Federal officials are pointing fingers at one another over a ludicrous plan to infiltrate Mexican drug smuggling groups that went totally awry. Under Operation Fast and Furious, the Alcohol, Tobacco and Firearms Bureau allowed top Mexican drug dealers to purchase weapons, hoping to trace them back to kingpins. They lost track of these weapons, some of which were later found at the scene of violent crimes. The ATF’s chief is blaming the FBI and Drug Enforcement Administration for not notifying it adequately of the armed dealers who happened to be informants of the latter two agencies. So we have two federal law enforcement organizations keeping poor tabs on drug dealers with whom they’re in cahoots and another U.S. law enforcement organization allowing these people to get weapons in a totally misguided attempt to find and stop criminal higher ups.

Of course, this only scratches the surface. Under Obama, U.S. financing of the Mexican drug warriors has reached record heights. Obama asked for $15 billion last year—far, far more than was spent under the Bush administration. And it is this overt activity, along with domestic drug war enforcement, far more than the ATF’s covert shenanigans, that is the real problem.

In the last five years, over 37,000 have died in Mexico’s drug violence. And many Mexicans recognize the ultimate cause: Drug prohibition. It was not a big news story in the United States, but a few months ago thousands of Mexicans took to the streets protesting the drug policy being enforced by Mexican authorities and sponsored, actually imposed, by Washington, DC.

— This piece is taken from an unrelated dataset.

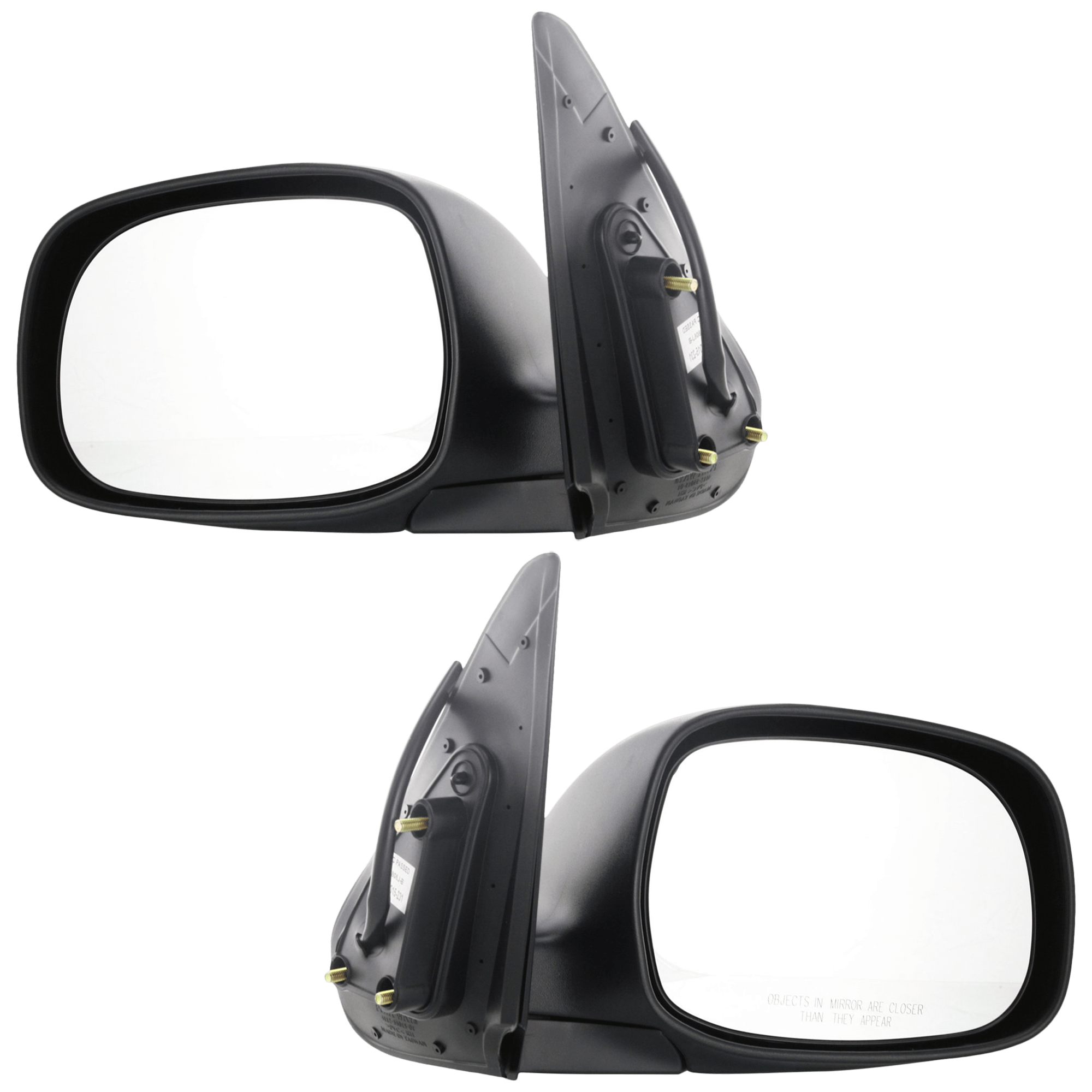 AM SEQUOIA 01-07 TUNDRA 04-06 MIRROR RH AND LH Non Towing Power Non Heated Manual Folding Paintable Sequoia SR5 Model Tundra Limited Model SKU SET JTY64ER Partslink TO1320193 TO1321193 OEM 879100C060C0-879400C060C0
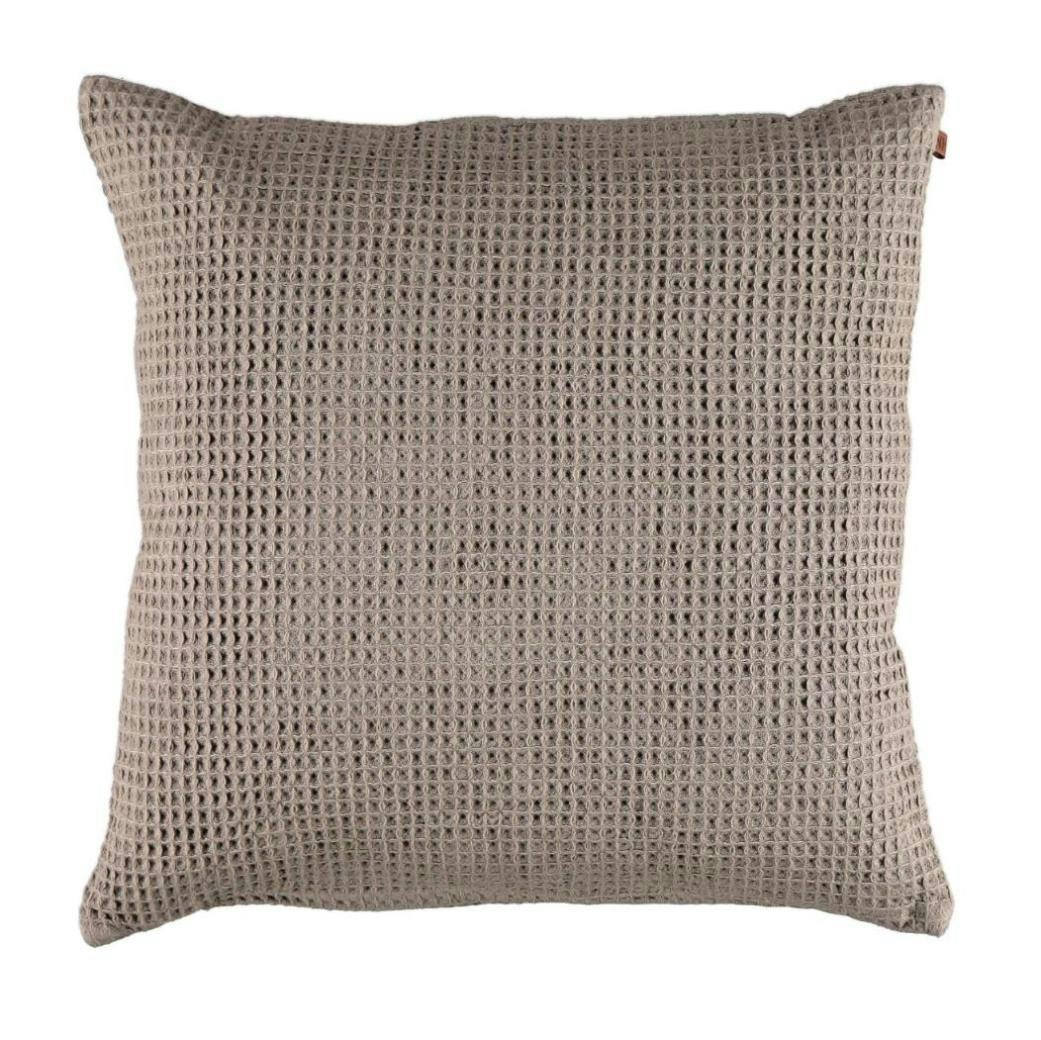 Noble house Waffle beige kuddfodral bomull mått 45 x 45 cm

It is the ban on drugs that causes drug violence. It really is as simple as that. Just as alcohol prohibition led to turf wars and Al Capone and organized crime, prohibitions on other substances lead to similar black market violence. But it is much worse in the case of the war on cocaine, heroin, marijuana, and other illicit drugs than it ever was with alcohol prohibition, because the U.S. government has effectively strongarmed and bribed the rest of the world in support of its utopian and impossible crusade to rid the world of drugs. This has skewered U.S. diplomacy to the most degenerate depths. In Afghanistan, the U.S. was sending tens of millions of dollars, all the way up through 2001, to the Taliban in support of its was in opium. In Thailand, the U.S. government supported the regime as it conducted a policy of outright murdering drug suspects by the thousands. In Colombia, the U.S. has poisoned peasants’ food crops in an effort to stamp out cocaine. Perhaps Mexico is just the worst example of Washington’s horrendous drug policy spreading the bloodshed internationally.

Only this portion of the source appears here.